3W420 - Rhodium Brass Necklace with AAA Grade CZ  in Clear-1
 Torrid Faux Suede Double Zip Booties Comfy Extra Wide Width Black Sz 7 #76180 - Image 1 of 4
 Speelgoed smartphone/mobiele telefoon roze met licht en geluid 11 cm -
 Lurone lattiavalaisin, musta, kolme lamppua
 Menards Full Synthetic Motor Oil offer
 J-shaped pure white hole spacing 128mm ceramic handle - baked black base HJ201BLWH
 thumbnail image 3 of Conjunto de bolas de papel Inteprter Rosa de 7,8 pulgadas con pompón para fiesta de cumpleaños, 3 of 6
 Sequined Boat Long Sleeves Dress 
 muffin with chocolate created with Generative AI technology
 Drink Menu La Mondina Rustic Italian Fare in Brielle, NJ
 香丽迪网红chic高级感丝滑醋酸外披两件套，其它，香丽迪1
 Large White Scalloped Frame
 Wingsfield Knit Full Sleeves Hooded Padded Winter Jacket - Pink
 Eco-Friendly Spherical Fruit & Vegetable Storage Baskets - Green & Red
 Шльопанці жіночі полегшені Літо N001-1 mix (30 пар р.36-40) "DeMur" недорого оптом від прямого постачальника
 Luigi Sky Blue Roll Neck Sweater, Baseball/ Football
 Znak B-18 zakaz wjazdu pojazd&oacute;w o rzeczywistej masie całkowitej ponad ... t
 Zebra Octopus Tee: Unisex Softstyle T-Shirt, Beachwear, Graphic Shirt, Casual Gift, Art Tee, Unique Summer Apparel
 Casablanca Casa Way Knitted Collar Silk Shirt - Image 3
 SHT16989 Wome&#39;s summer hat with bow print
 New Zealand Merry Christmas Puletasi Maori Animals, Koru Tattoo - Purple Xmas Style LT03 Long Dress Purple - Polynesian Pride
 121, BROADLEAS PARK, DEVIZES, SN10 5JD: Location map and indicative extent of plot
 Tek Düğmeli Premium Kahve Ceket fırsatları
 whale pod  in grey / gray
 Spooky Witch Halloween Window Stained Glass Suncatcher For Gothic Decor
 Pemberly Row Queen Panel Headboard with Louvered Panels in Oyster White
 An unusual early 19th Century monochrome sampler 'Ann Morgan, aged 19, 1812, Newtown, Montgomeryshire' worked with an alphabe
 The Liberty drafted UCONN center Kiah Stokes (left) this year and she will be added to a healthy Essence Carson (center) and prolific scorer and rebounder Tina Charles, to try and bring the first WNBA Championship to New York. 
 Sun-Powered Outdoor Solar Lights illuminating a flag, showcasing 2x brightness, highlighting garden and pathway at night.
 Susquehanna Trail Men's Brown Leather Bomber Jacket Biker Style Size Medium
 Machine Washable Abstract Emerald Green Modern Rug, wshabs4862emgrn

-------------------------

* _Instructions for the task_: Would you write out the full set of records above without alteration?

* _Task output_:
3W420 - Rhodium Brass Necklace with AAA Grade CZ  in Clear-1
 Torrid Faux Suede Double Zip Booties Comfy Extra Wide Width Black Sz 7 #76180 - Image 1 of 4
 Speelgoed smartphone/mobiele telefoon roze met licht en geluid 11 cm -
 Lurone lattiavalaisin, musta, kolme lamppua
 Menards Full Synthetic Motor Oil offer
 J-shaped pure white hole spacing 128mm ceramic handle - baked black base HJ201BLWH
 thumbnail image 3 of Conjunto de bolas de papel Inteprter Rosa de 7,8 pulgadas con pompón para fiesta de cumpleaños, 3 of 6
 Sequined Boat Long Sleeves Dress 
 muffin with chocolate created with Generative AI technology
 Drink Menu La Mondina Rustic Italian Fare in Brielle, NJ
 香丽迪网红chic高级感丝滑醋酸外披两件套，其它，香丽迪1
 Large White Scalloped Frame
 Wingsfield Knit Full Sleeves Hooded Padded Winter Jacket - Pink
 Eco-Friendly Spherical Fruit & Vegetable Storage Baskets - Green & Red
 Шльопанці жіночі полегшені Літо N001-1 mix (30 пар р.36-40) "DeMur" недорого оптом від прямого постачальника
 Luigi Sky Blue Roll Neck Sweater, Baseball/ Football
 Znak B-18 zakaz wjazdu pojazd&oacute;w o rzeczywistej masie całkowitej ponad ... t
 Zebra Octopus Tee: Unisex Softstyle T-Shirt, Beachwear, Graphic Shirt, Casual Gift, Art Tee, Unique Summer Apparel
 Casablanca Casa Way Knitted Collar Silk Shirt - Image 3
 SHT16989 Wome&#39;s summer hat with bow print
 New Zealand Merry Christmas Puletasi Maori Animals, Koru Tattoo - Purple Xmas Style LT03 Long Dress Purple - Polynesian Pride
 121, BROADLEAS PARK, DEVIZES, SN10 5JD: Location map and indicative extent of plot
 Tek Düğmeli Premium Kahve Ceket fırsatları
 whale pod  in grey / gray
 Spooky Witch Halloween Window Stained Glass Suncatcher For Gothic Decor
 Pemberly Row Queen Panel Headboard with Louvered Panels in Oyster White
 An unusual early 19th Century monochrome sampler 'Ann Morgan, aged 19, 1812, Newtown, Montgomeryshire' worked with an alphabe
 The Liberty drafted UCONN center Kiah Stokes (left) this year and she will be added to a healthy Essence Carson (center) and prolific scorer and rebounder Tina Charles, to try and bring the first WNBA Championship to New York. 
 Sun-Powered Outdoor Solar Lights illuminating a flag, showcasing 2x brightness, highlighting garden and pathway at night.
 Susquehanna Trail Men's Brown Leather Bomber Jacket Biker Style Size Medium
 Machine Washable Abstract Emerald Green Modern Rug, wshabs4862emgrn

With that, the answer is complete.